IN THE UNITED STATES DISTRICT COURT WESTERN DISTRICT OF ARKANSAS FORT SMITH DIVISION
JUDRIKA HOUSTON PLAINTIFF
v. Civil No. 2:23-CV-02132-PKH-MEF
DeLAY GUNNER DEFENDANTS (Judge, Sebastian County Circuit Court), DANIEL SHONE (Sebastian County Prosecutor), and CINDY GILMER (Clerk, Sebastian County Circuit Court)
MAGISTRATE JUDGE’S REPORT AND RECOMMENDATION This is a civil rights action filed under 42 U.S.C. § 1983. Pursuant to the provisions of 28 U.S.C. § 636(b)(1) and (3), the Honorable P. K. Holmes, III, Senior United States District Judge, referred this case to the undersigned for the purpose of making a Report and Recommendation. The case is before the Court for preservice screening pursuant to 28 U.S.C. § 1915A.1 Under § 1915A, the Court is required to screen any complaint in which a prisoner seeks redress from a governmental entity or officer or employee of a governmental entity. 28 U.S.C. § 1915A(a). I. BACKGROUND Plaintiff filed his Complaint in the Eastern District of Arkansas on September 25, 2023. (ECF No. 1). It was transferred to this District on November 2, 2023. (ECF No. 5). On November 7, 2023, the Court entered Orders directing Plaintiff to submit a completed in forma pauperis (“IFP”) application and an Amended Complaint. (ECF Nos. 7, 8). Plaintiff did so on November 27, 2023. (ECF Nos. 9, 10). He was granted IFP status on November 28, 2023. (ECF No. 11).
1 Enacted as part of the Prison Litigation Reform Act (“PLRA”). Plaintiff is currently incarcerated in the Arkansas Division of Correction (“ADC”) Barbara Ester Unit, but his Amended Complaint centers on the events in Sebastian County leading up to his incarceration. (ECF No. 9). Plaintiff alleges that on June 21, 2022, Defendants violated his Fourteenth Amendment rights against double jeopardy and his Fifth Amendment rights. (Id. at 4).

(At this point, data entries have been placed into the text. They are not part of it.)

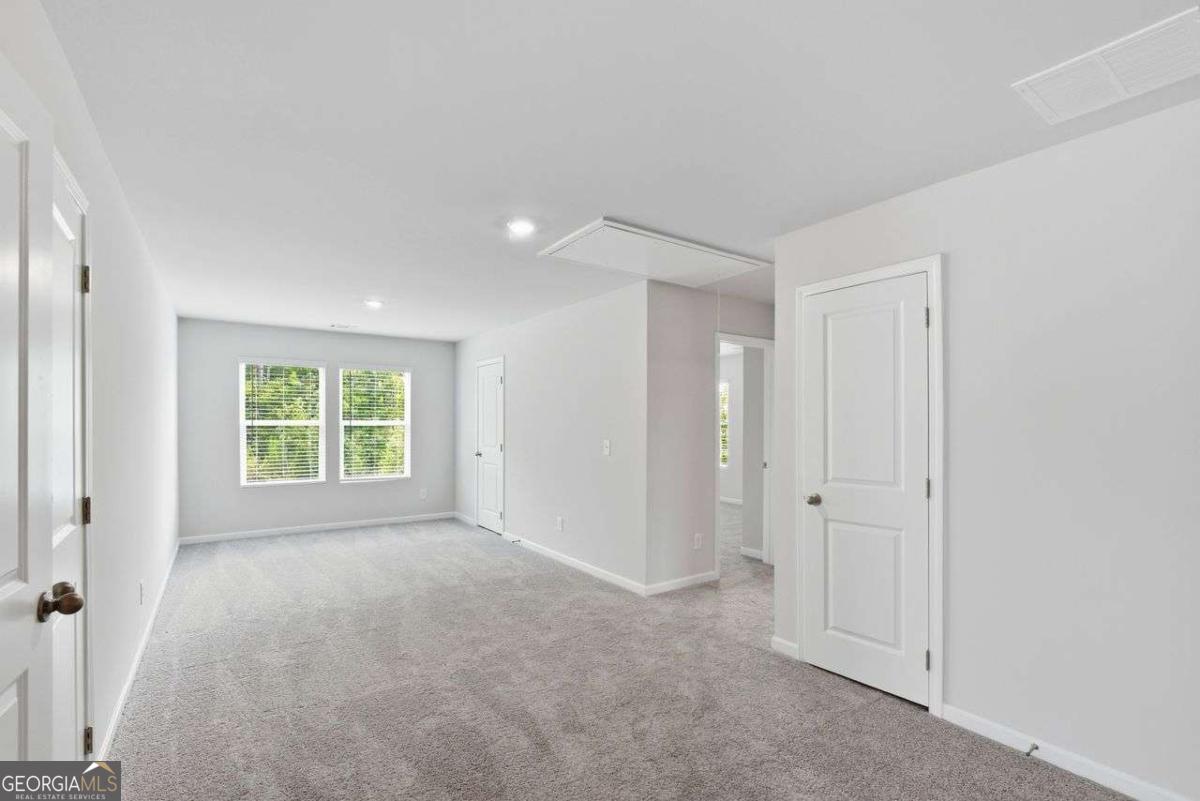 54 Umber Lane Property Photo 32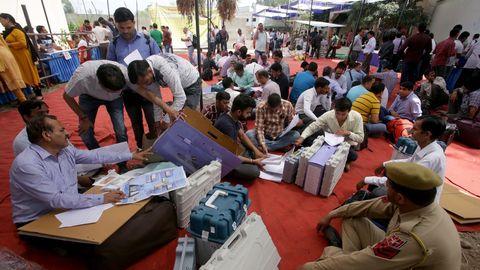 Delegados electorales reciben las m�quinas de votaci�n un d�a antes del comienzo de las votaciones en Janmu, en la Cachemira india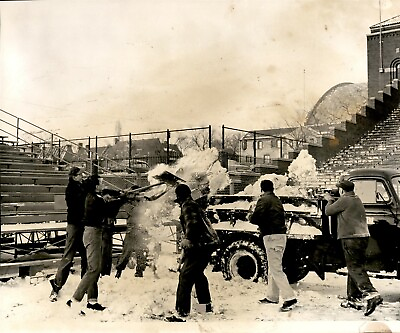 #ad LG935 1955 Orig Photo UNIVERSITY MINNESOTA STADIUM CREW SHOVELING SNOW FOR GAME $20.00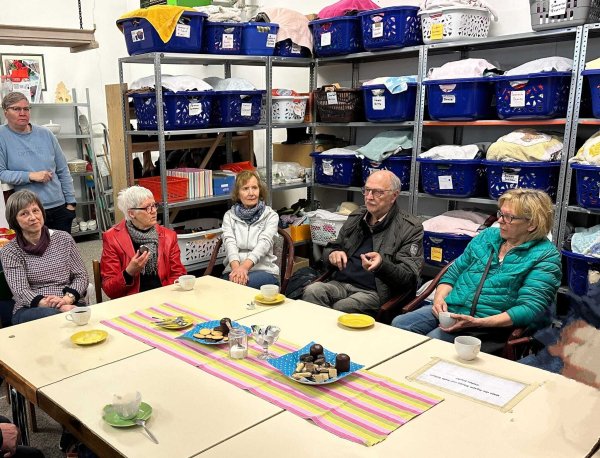 Die SPD Barntup inormierte sich in der Kleiderstube. - © SPD Barntrup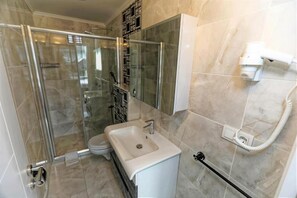 Deluxe tweepersoonskamer | 2 slaapkamers, luxe beddengoed, een minibar, een kluis op de kamer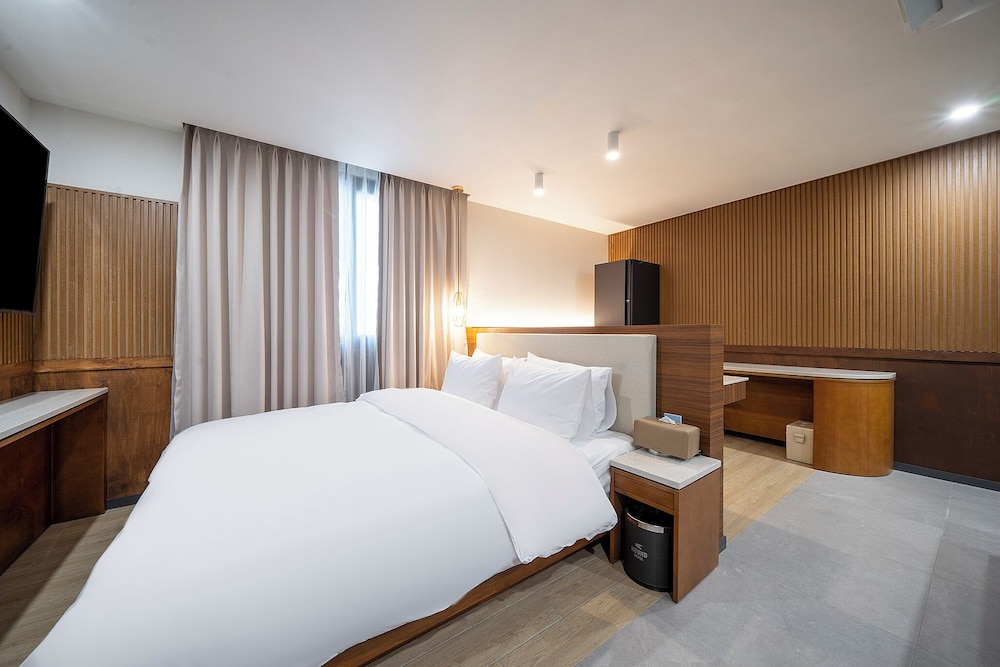 Premium Room - Photo 20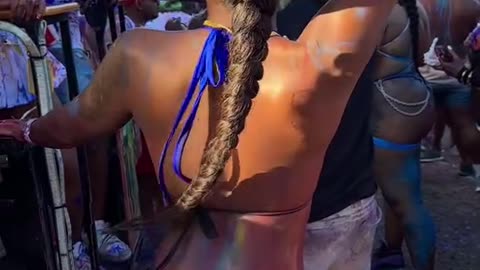 CARNIVAL TWERKING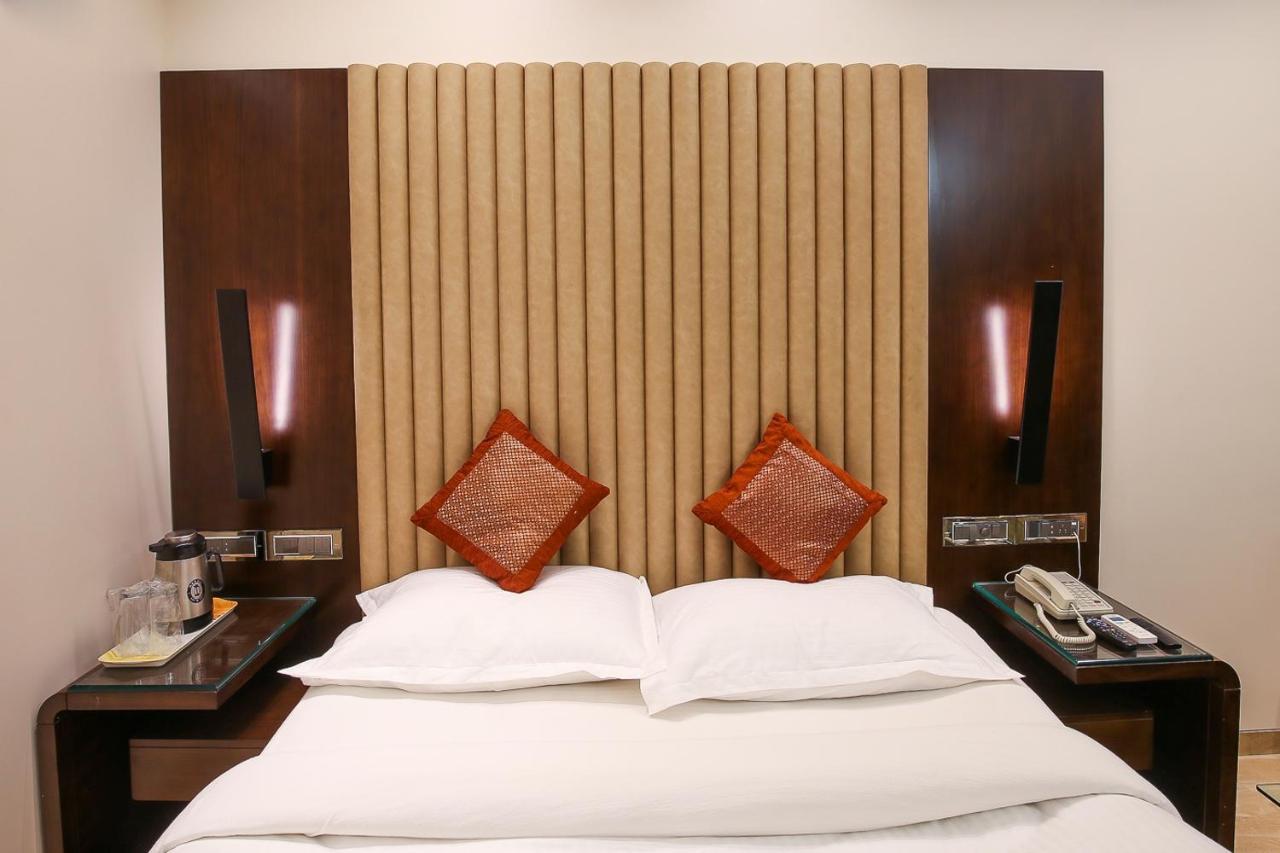 Hotel Royal Palace Jālgaon Zewnętrze zdjęcie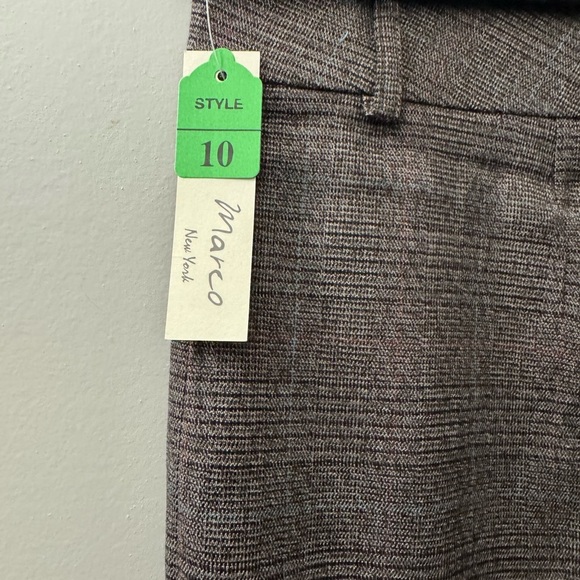 Women’s Cropped Dress Pants - Picture 3 of 7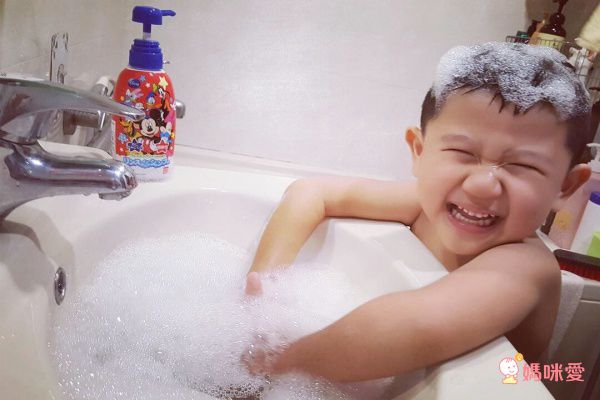 日本超人氣 TOMICA 車車入浴球，增添孩子洗澡樂趣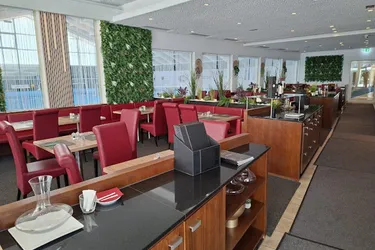 Schönes &amp; renoviertes Restaurant am Innsbrucker Fürstenweg 172 schnellstmöglich zu verpachten!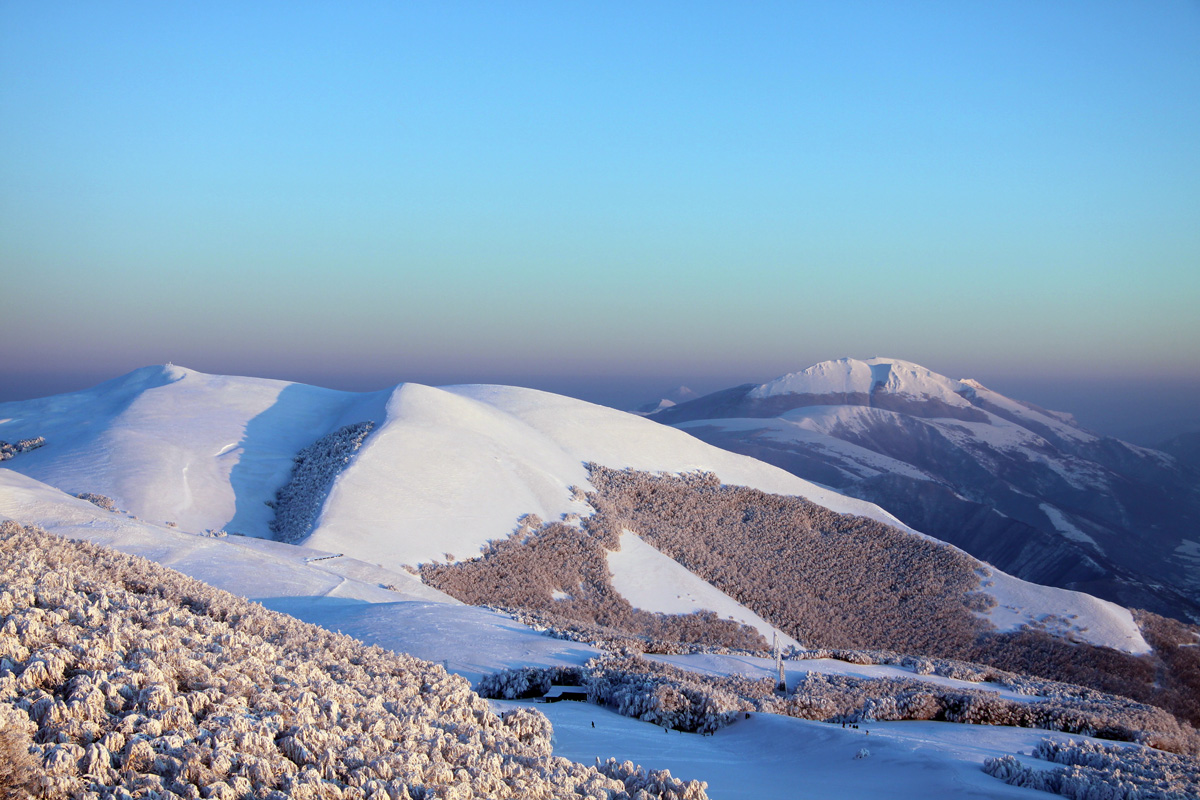 From Monte Nero to the Catria
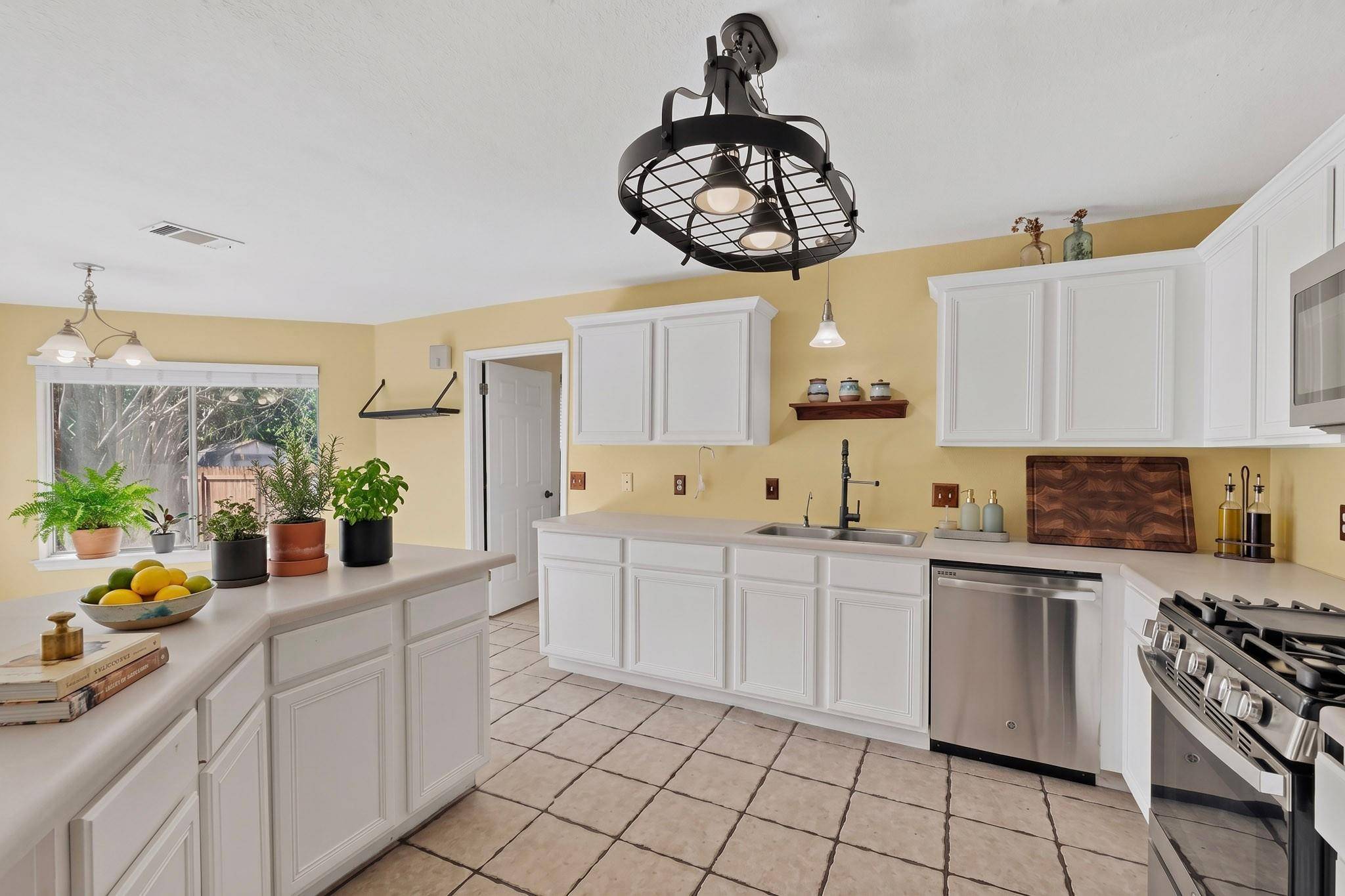 3614 Windhill LOOP, Round Rock, TX 78681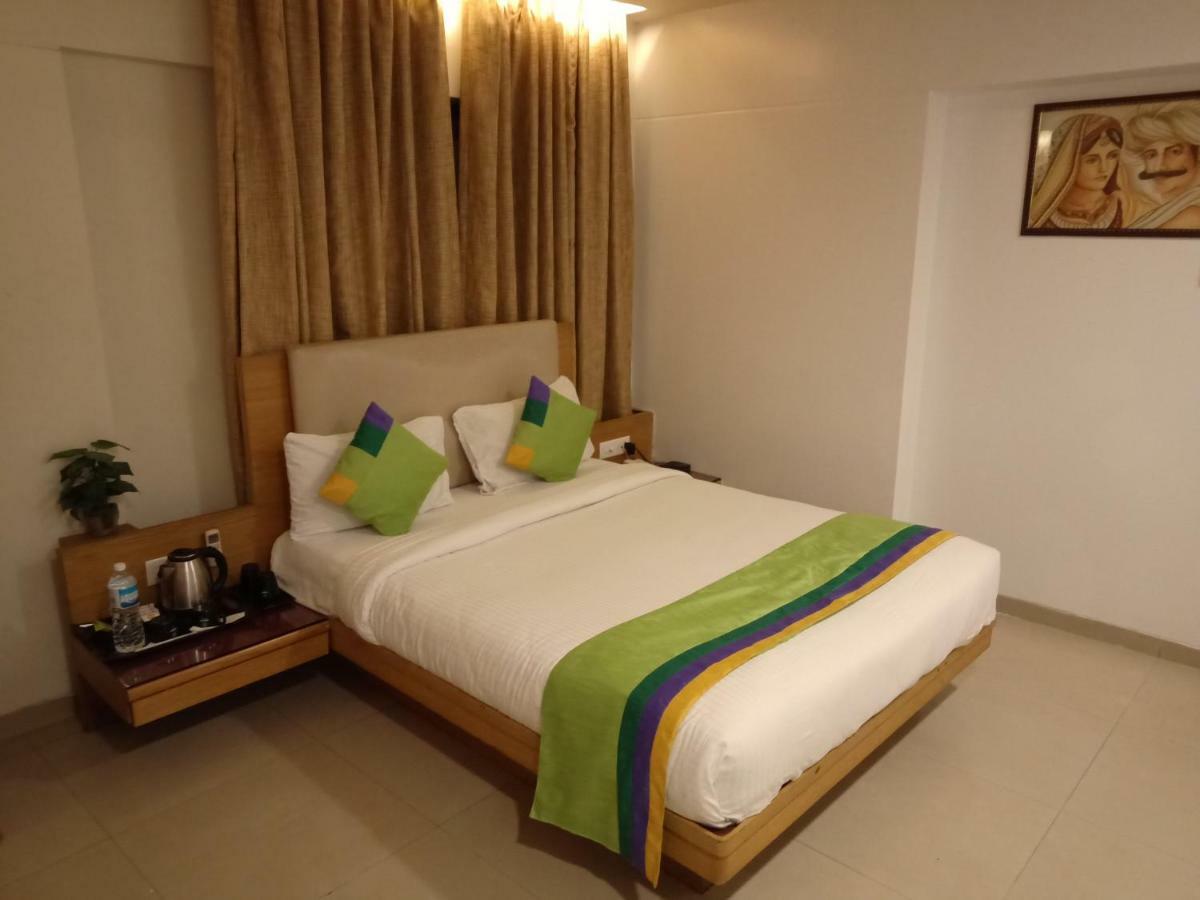 Treebo Trend Hotel Basera Poona Buitenkant foto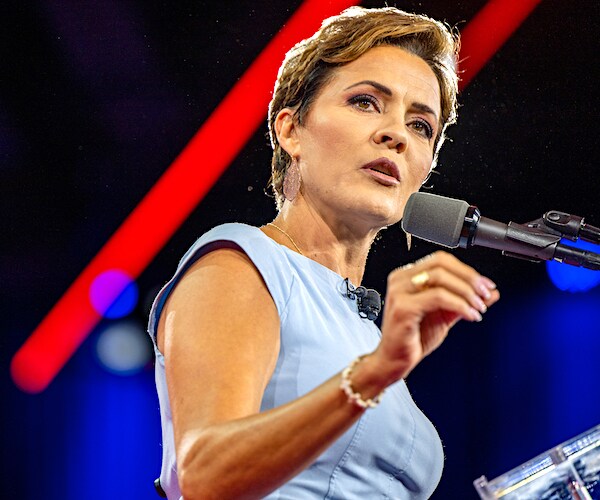 kari lake speaks at a campaign rally event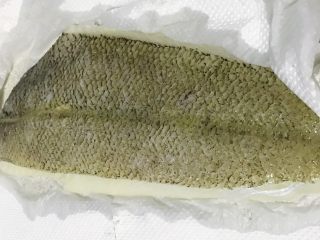 1、烧比目鱼柳,比目鱼柳洗净，用厨房用纸吸干水分。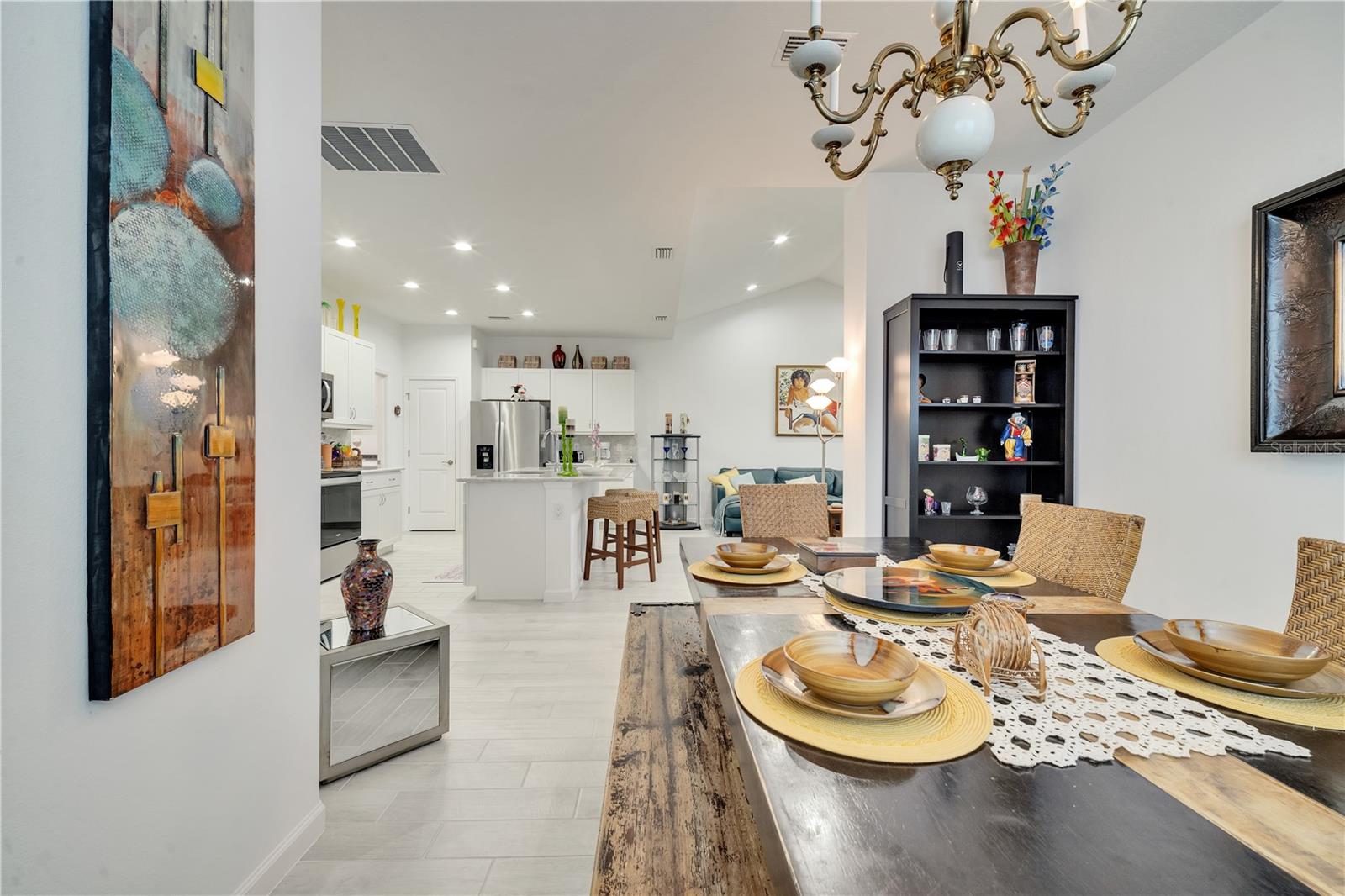 LATITUDE MARGARITAVILLE/DAYTONA BEACH PH 5 - Residential Lease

Specifically, Plaintiff alleges that on October 27, 2017, he was charged with second degree battery and fleeing on foot. (Id.). On May 2, 2018, he entered a plea deal for two years in the ADC and four years suspended sentence. (Id.). Plaintiff alleges he discharged his entire sentence in April of 2020, and has not been convicted of any new felony. (Id.). He also had 337 days jail credit and it was a class D felony. (Id. at 4-8).2 Plaintiff alleges that on June 21, 2023, Defendants resentenced him on the same charges and gave him eight years in the ADC. (Id.). Plaintiff alleges Defendant Shone3 told the judge to give him eight years in the ADC. (Id. at 6). Plaintiff alleges Judge Gunner4 signed the new Sentencing Order. (Id. at 5). Plaintiff states Defendant Gilmer “was the one who processed his paperwork” for the violation of his rights. (Id. at 8). Plaintiff alleges he has filed grievances and tried to write to all Defendants to no avail. (Id.).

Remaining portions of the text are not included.